### INSTRUCTIONS TO FOLLOW
Below are the entries. Print only the lines starting at the one with "Hermès Birkin 25cm" and ending at the one with "Close-up of rich", exactly, with no pictures.

### STUDY MATERIAL
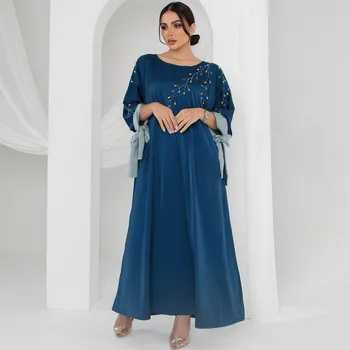 אפריקה שמלות עבור נשים אלגנטי פוליאסטר 2024 חדש המוסלמים אופנה כפיות דאשיקי החלוק Kaftan ארוך מקסי שמלה טורקית אפריקה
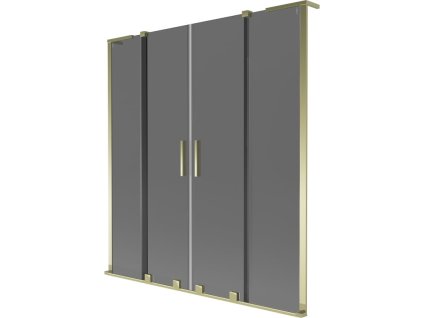 Mexen Velar L Duo 2-krídlová posuvná vaňová zástena 140 x 150 cm, grafitová, zlatá - 896-140-003-42-50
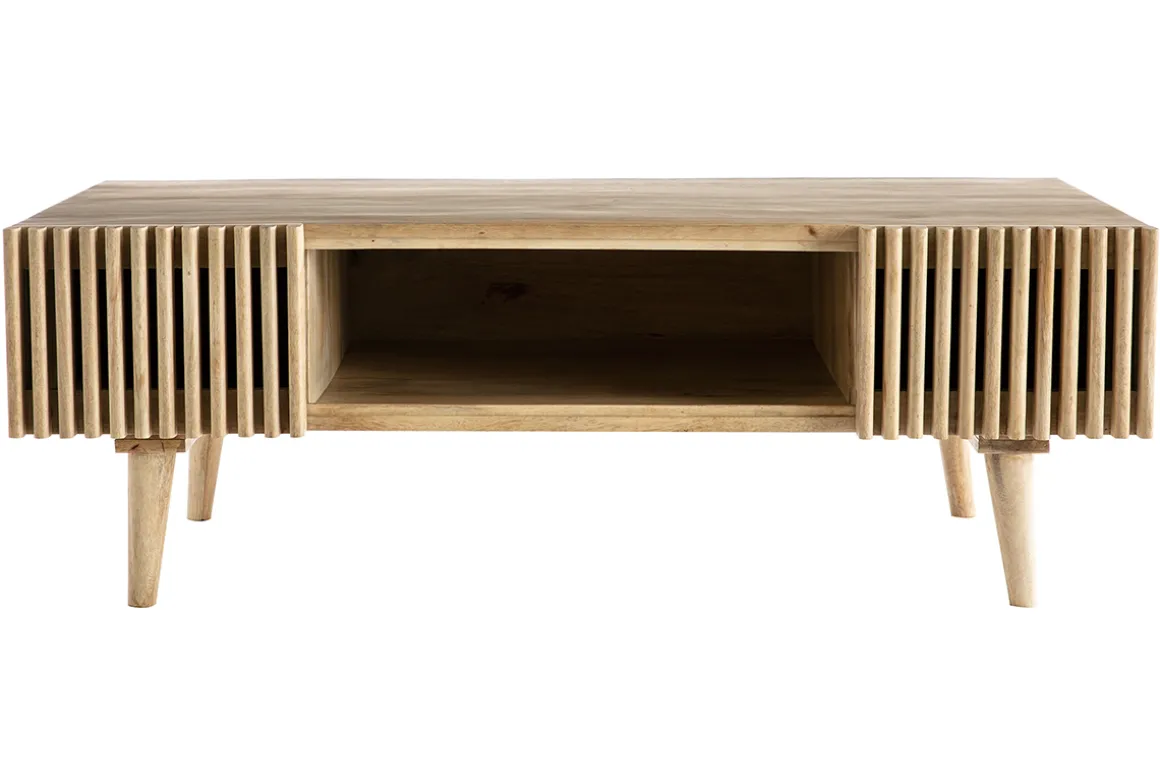 Store Miliboo Mesa de centro en mango macizo con puertas correderas ALBA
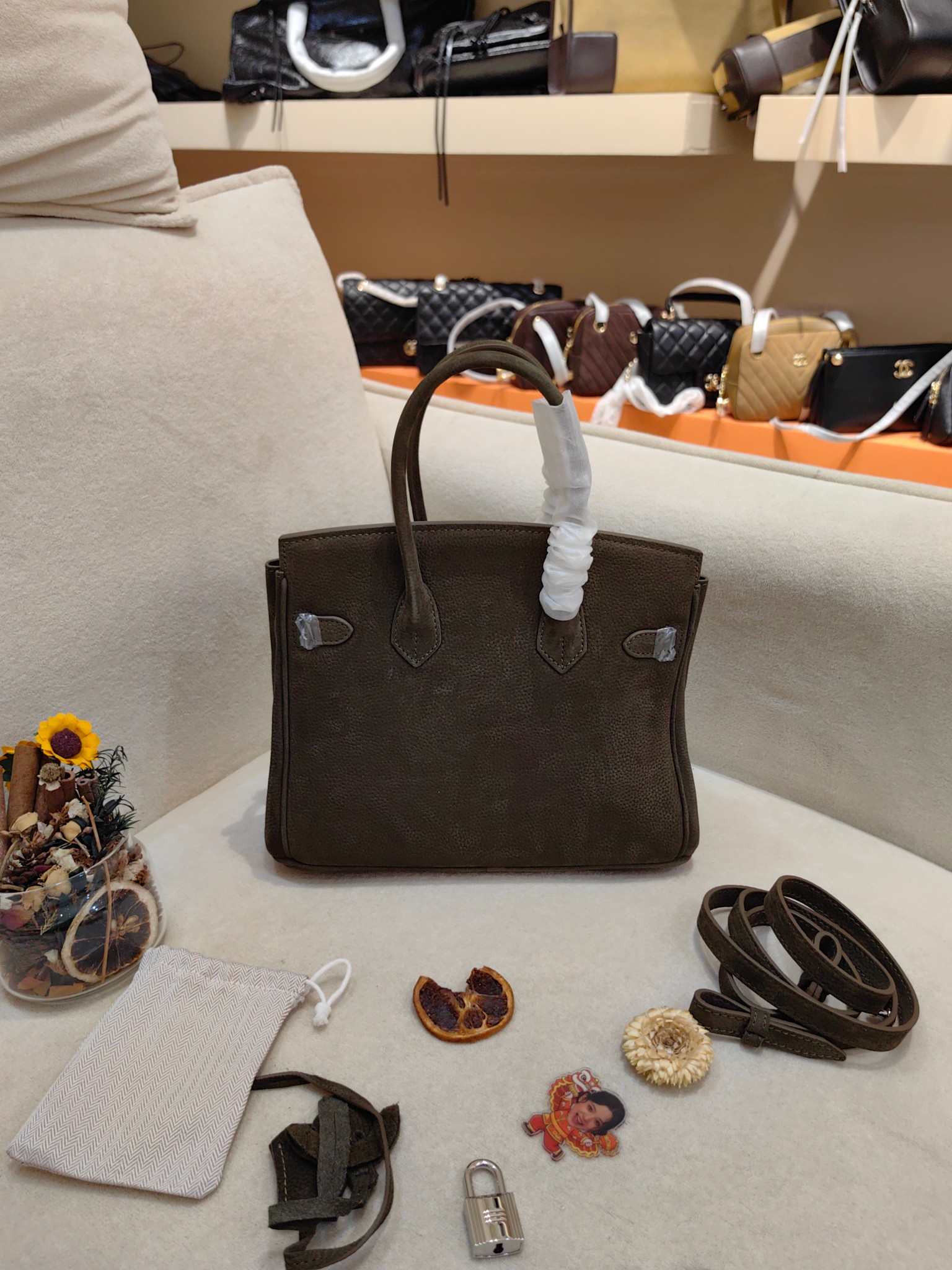 Hermès Birkin 25cm in Suede Leather (Deep Olive/Brown) with Palladium Hardware
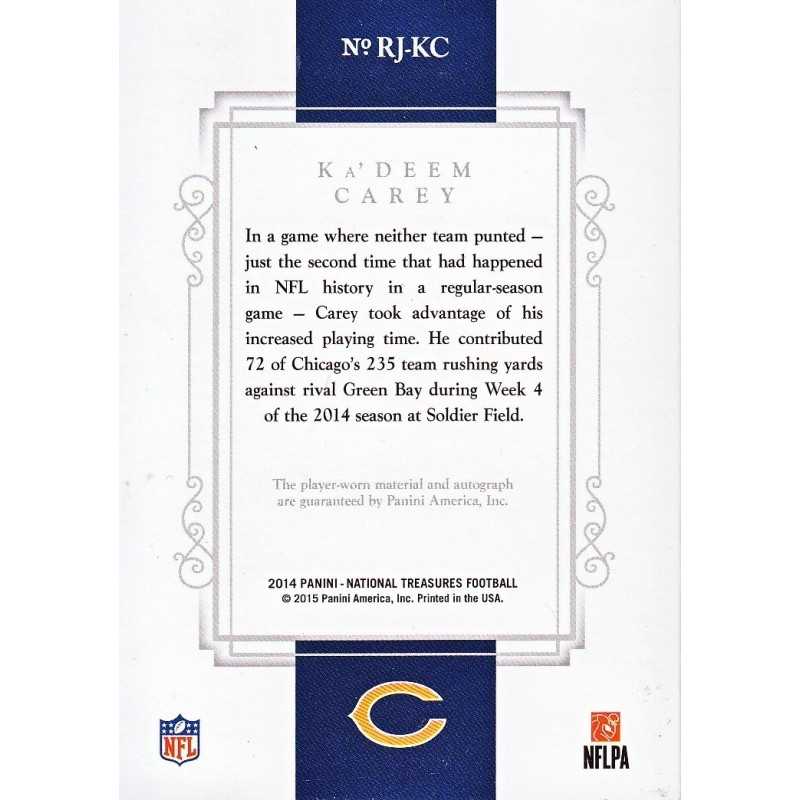 KA'DEEM CAREY 2014 NATIONAL TREASURES ROOKIE JERSEY /99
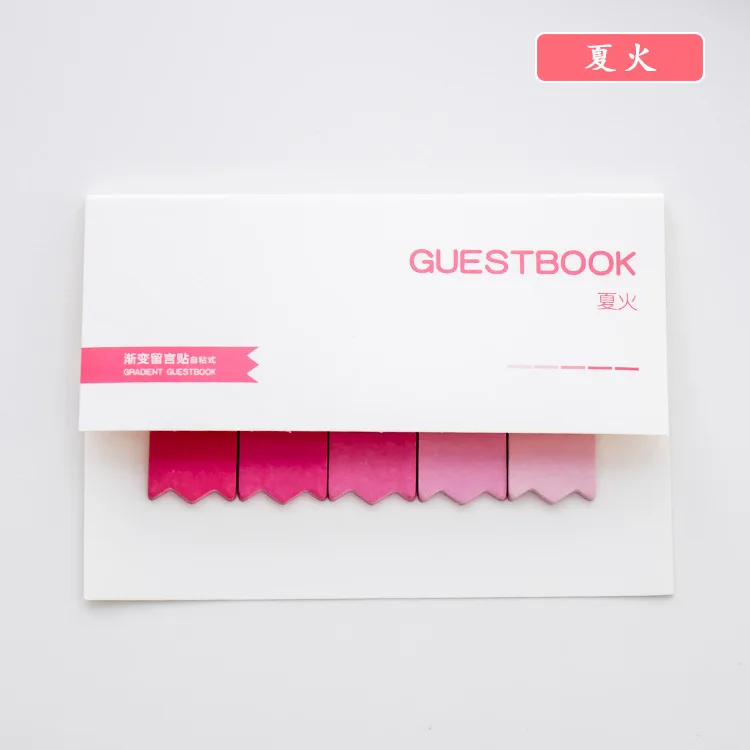 Gradient Color Memo pad Sticky notes Cute colorful Planner Page Index Stickers stationery paper bookmark school supplies - Цвет: xia huo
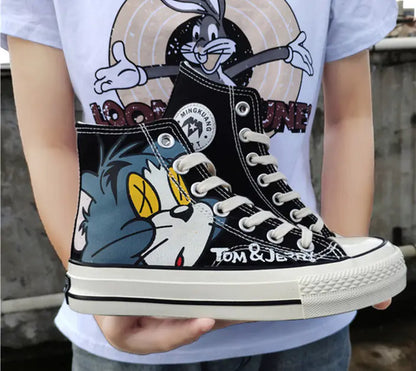 Summer Kids Canvas High-Top Shoes - Tom and Jerry Design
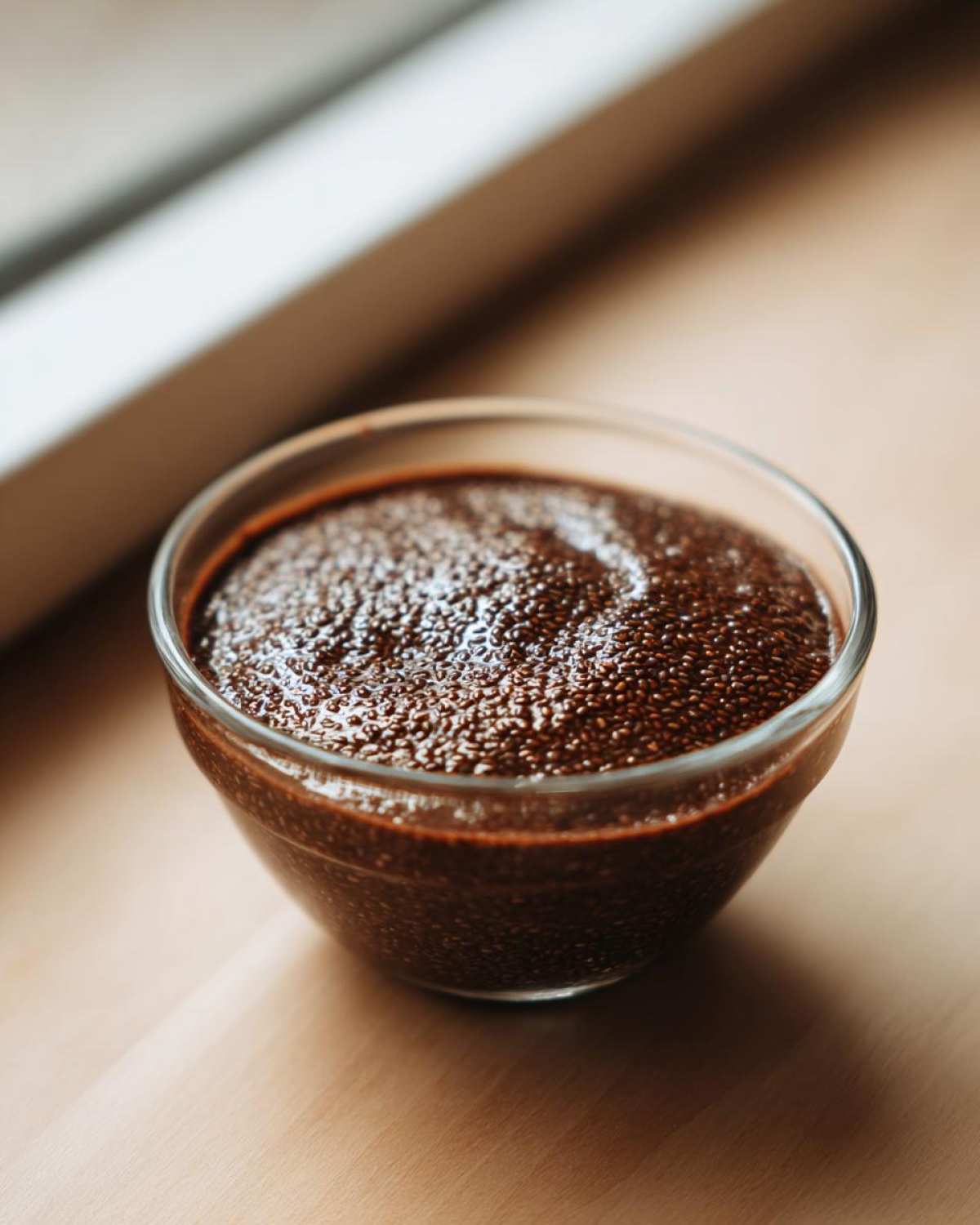 Close-up of rich Vegan Chocolate Chia Pudding texture in a small clear glass bowl.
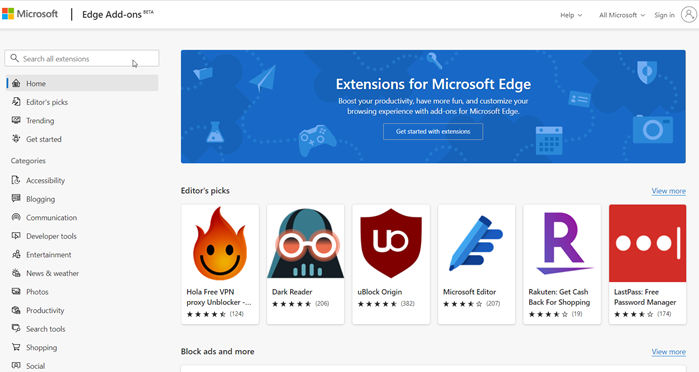 Cài đặt các tiện ích mở rộng trong Microsoft Edge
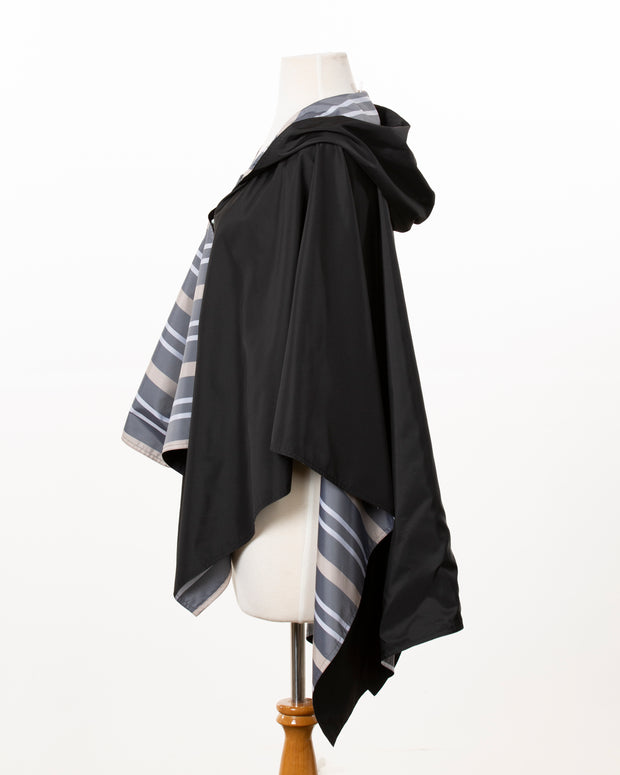 Hooded Black & Cabana Stripe RAINRAP - fashionable and practical rain gear by RAINRAPS
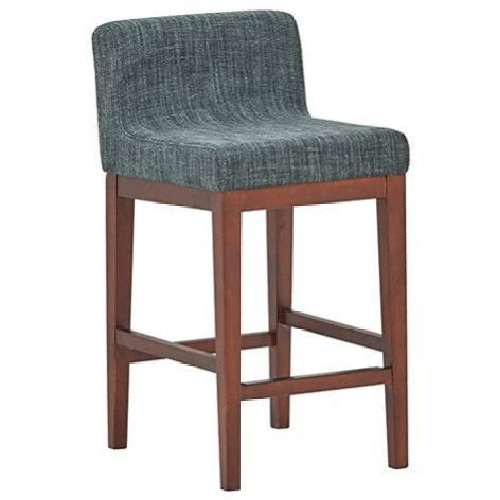 Bar Chair - Solid Teak Or Oak Wood, 45x45x110 Cm, Light Beige Upholstery, Medium Backrest, Wooden Footrest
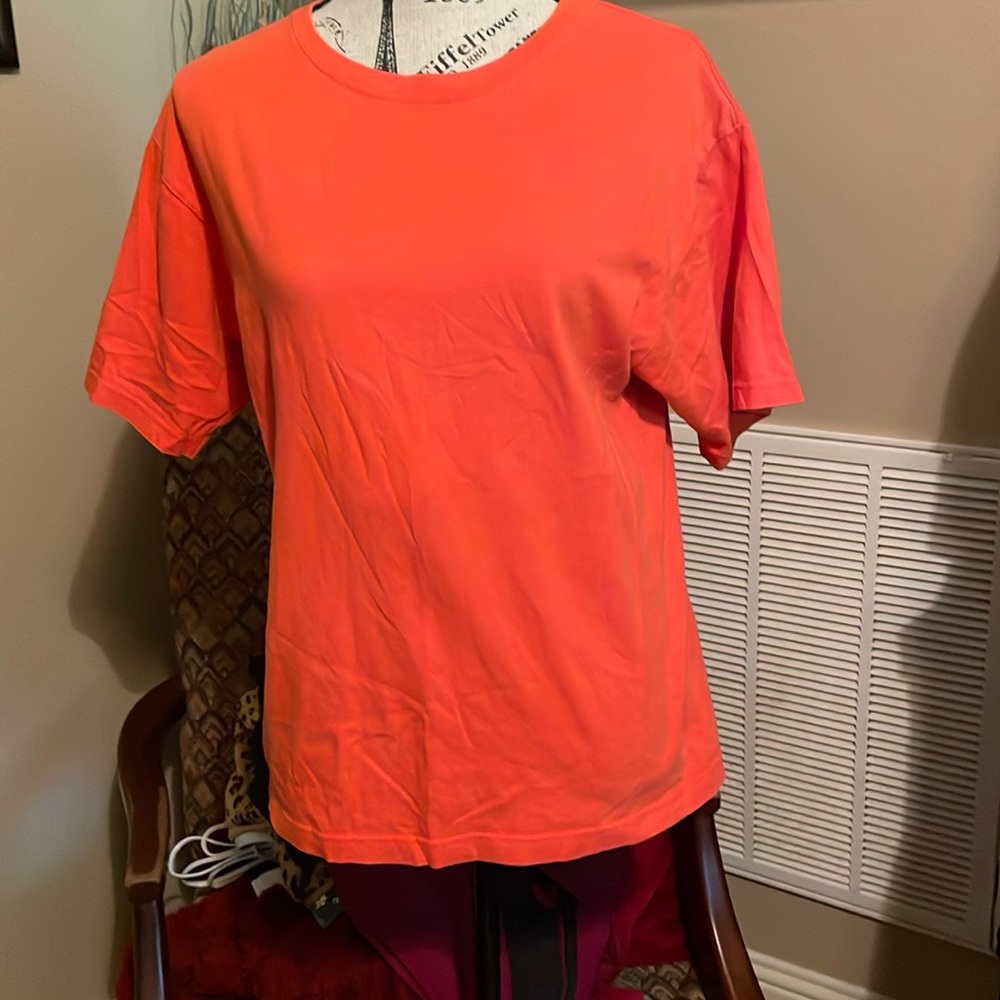 🌻 ANN TAYLOR LOFT STUDIO Women’s Orange Short sleeve Tee Shirt Gently Used SZ 1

### EXERCISE OUTPUT
 Hermès Birkin 25cm in Suede Leather (Deep Olive/Brown) with Palladium Hardware
 KA'DEEM CAREY 2014 NATIONAL TREASURES ROOKIE JERSEY /99
 Gradient Color Memo pad Sticky notes Cute colorful Planner Page Index Stickers stationery paper bookmark school supplies - Цвет: xia huo
 Summer Kids Canvas High-Top Shoes - Tom and Jerry Design
 Close-up of rich Vegan Chocolate Chia Pudding texture in a small clear glass bowl.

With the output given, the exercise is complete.